В «Донских войсковых ведомостях» можно было прочитать такое объявление: «В Донецком окружном судном начальстве 26 января 1851 года совершена купчая крепость, по которой есаул Иван Александрович Туроверов продал жене есаула Марии Федоровне Крюковой крестьянина своего Прохора Яковлева Резвого, состоящего по ревизии за его именем… вместе с женою его и землёю, имеющею на него нарезаться, ценою за 120 рублей серебром».

Крепостные крестьяне бежали от своих хозяев и скрывались в лесах. Для их поимки отряжались команды донецкого окружного сыскного начальства. И так же, как о приблудном скоте, с перечислением примет, публиковались объявления в «Донских войсковых ведомостях» о поимке беглых крестьян:

«Евдокия, без прозвания, приметами росту 2 аршина и 2 вершка[3 - Старинные меры длины: аршин -71 сантиметр, вершок – 4,4 сантиметра.]. Волосы на голове светло-русые, лицо чистое, глаза серые, нос, рот и подбородок умеренные.
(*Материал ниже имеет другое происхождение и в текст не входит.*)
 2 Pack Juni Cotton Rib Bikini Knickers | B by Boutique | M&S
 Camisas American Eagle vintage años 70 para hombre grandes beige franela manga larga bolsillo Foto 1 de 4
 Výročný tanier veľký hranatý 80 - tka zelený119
Штемпельных знаков на ней нет. Лет примерно 35 и не менее 20».

Конечно, трудно было тогдашним сыщикам по таким приметам искать беглецов, но обратите внимание на фразу: «Штемпельных знаков на ней нет». Следовательно, были и такие помещичьи усадьбы, в которых людей метили как скот.

Метрические книги, которые велись в церквях в юрте станицы Гундоровской, сохранили для нас фамилии местных помещиков. Это Иван и Тимофей Процыковы, Григорий Шляхтин, Алексей Ушаков, Филипп Номикосов, Никифор Тарарин, Иван Гусельщиков и Антон Попов. Все они являлись бывшими офицерами казачьих войск, получившими за свои боевые заслуги земельные наделы, иногда даже с пожалованными крестьянами.
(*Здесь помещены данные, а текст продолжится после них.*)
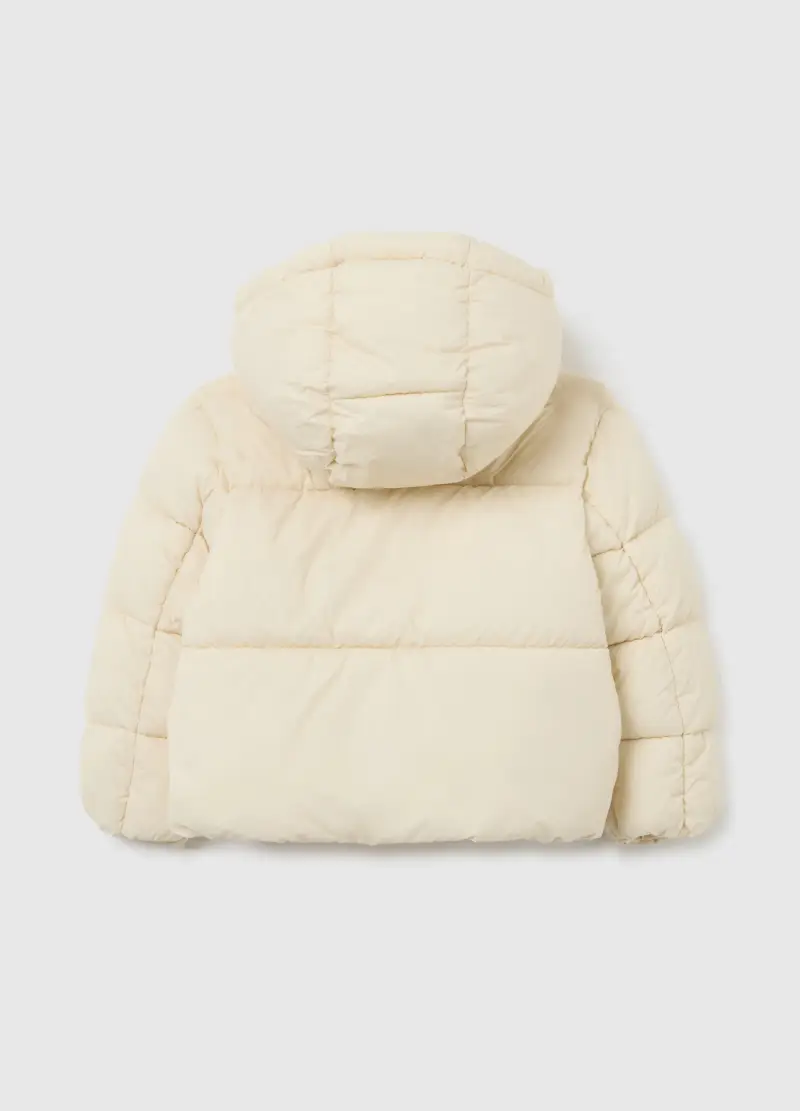 Piumino The Iconic Puffer Bianco Panna Da Bambina Con Cappuccio, Bianco miniatura 2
Если у казаков, которые работали всегда на свою семью и на себя, работа была тяжёлой, то у крепостных крестьян она считалась ещё более тяжелой и не только в физическом, но прежде всего в моральном смысле. Незадолго до отмены крепостного права, в 1859 году, появился такой интересный документ «Проект положения об улучшении быта помещичьих крестьян войска Донского». От Донецкого округа его подписал ротмистр Барабанщиков.
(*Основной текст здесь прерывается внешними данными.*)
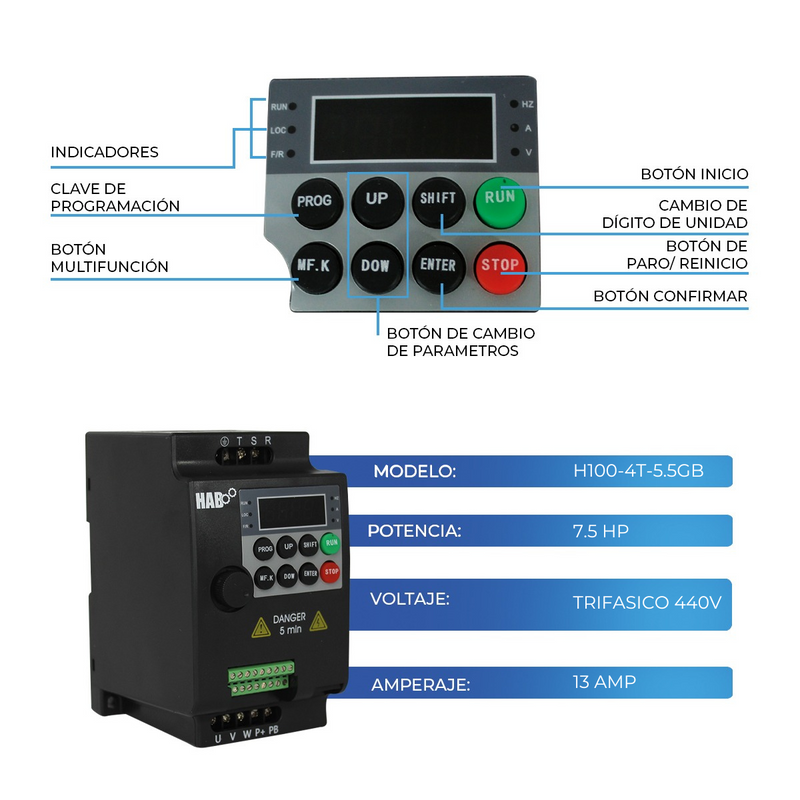 Variador De Frecuencia HAB Motor 7.5 Hp Trifasico 440v 13 Amp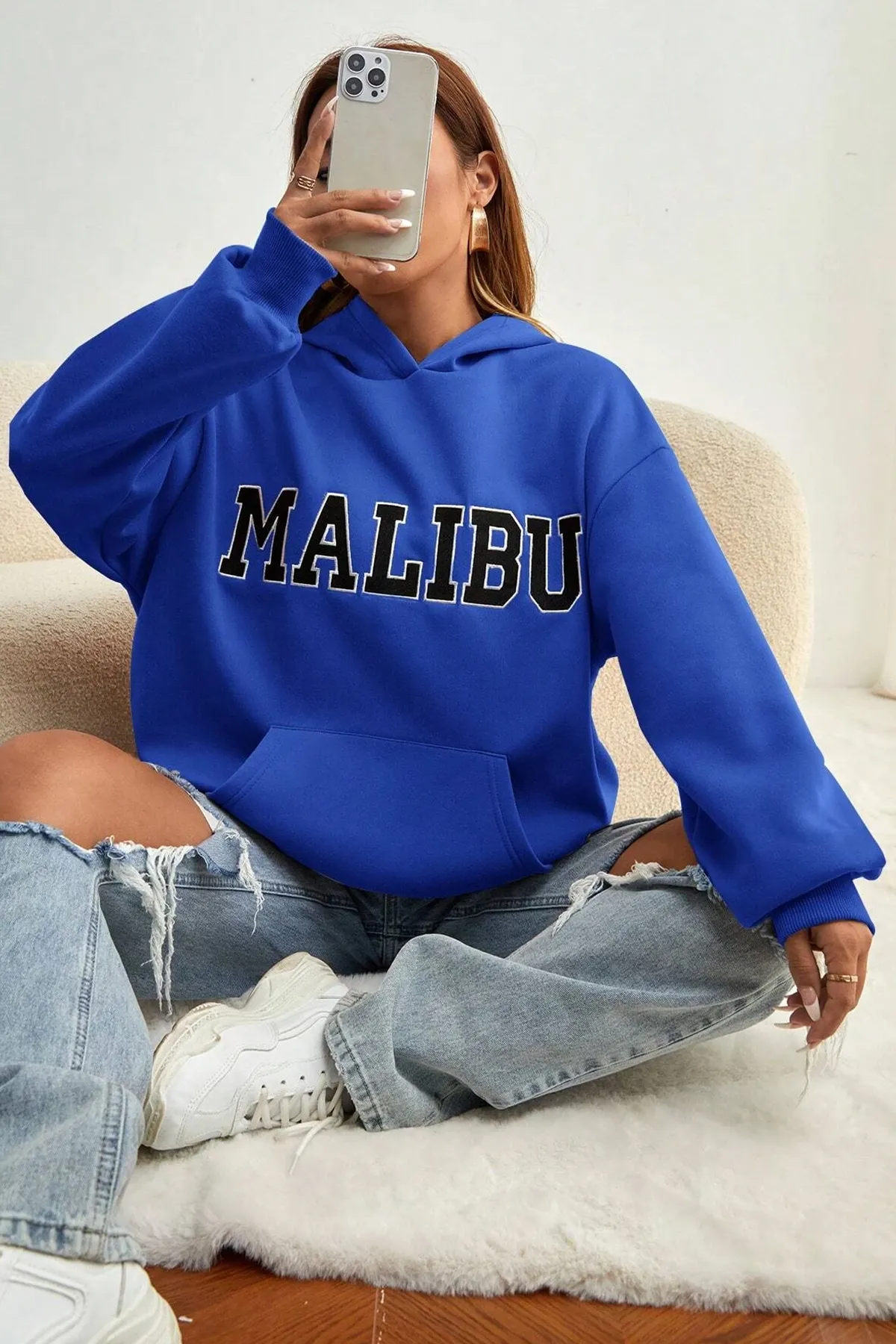 uyguntarz  Unisex-Sweatshirt mit Malibu-Aufdruck in Übergröße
В параграфе втором проекта говорилось: «С уничтожением крепостного состояния право продажи, дарения и всякого отчуждения крестьян без земли, равно переселения их против воли в другие имения и обращение в дворовые прекращается».

В отделении втором проекта перечислялись повинности в пользу помещиков.

«При установлении в имении натуральных работ сельское общество обязывается за каждую десятину (1,09 гектара) отведенной крестьянам земли отбывать помещику ежегодно десять мужских и десять женских дней. Из числа мужских половина дней должна быть с волами или лошадью.

Примечание: рабочими считаются мужчины от 18 до 50 лет, женщины от 16 до 45 лет, полурабочими обоего пола – с 14 лет, два полурабочих полагаются на одного рабочего. К числу полурабочих принадлежат старики от 50 до 65 лет, употребляемые для посылок и караулов.

Подённые работы крестьяне должны производить от восхождения до захождения солнца. Для завтрака, обеда, полдника и отдыха полагается весной и летом четыре часа. Осенью и зимою – два часа».

В проекте были приведены нормы выработки на каждого работающего. Это называлось урочными работами. Заглянем в положение, регламентирующее такие работы. При полном отсутствии техники, основываясь только на мускульной силе и силе рабочего скота, нужно было одному рабочему и двум полурабочим с четырьмя парами волов вспахать одну казённую десятину целины за два с четвертью дня, для крепкозалежной целины отводились два, для мягкой земли – полтора дня. Для того, чтобы засеять четыре казённых десятины в один день, полагался только один рабочий крестьянин.

С уборкой урожая дело обстояло так. При снятии с корня пшеницы, ржи, овса и ячменя один рабочий или одна рабочая нажинали серпом без потери колосьев в один день полторы копны или 90 снопов, не менее шести четвертей в окружности (примерно один метр), складывали нажатое в крестцы, прикрепив свяслом верхний сноп к нижним.

При урожае травы от 8 до 10 копен на десятину (1,09 гектара) в один день два косаря должны были скосить одну казённую десятину, а две рабочих женщины – сгрести это сено, сложить в копны и стаскать на одной паре волов.

Была изобретена и такая мера измерения, как количество «пудо-футов мускульной работы». Учёные того времени активно их делили, умножали, старательно выводили проценты, и всё равно при той средней урожайности, которая была в середине XIX века на Дону, работавшие в усадьбе помещика крестьяне, были обречены на нищету.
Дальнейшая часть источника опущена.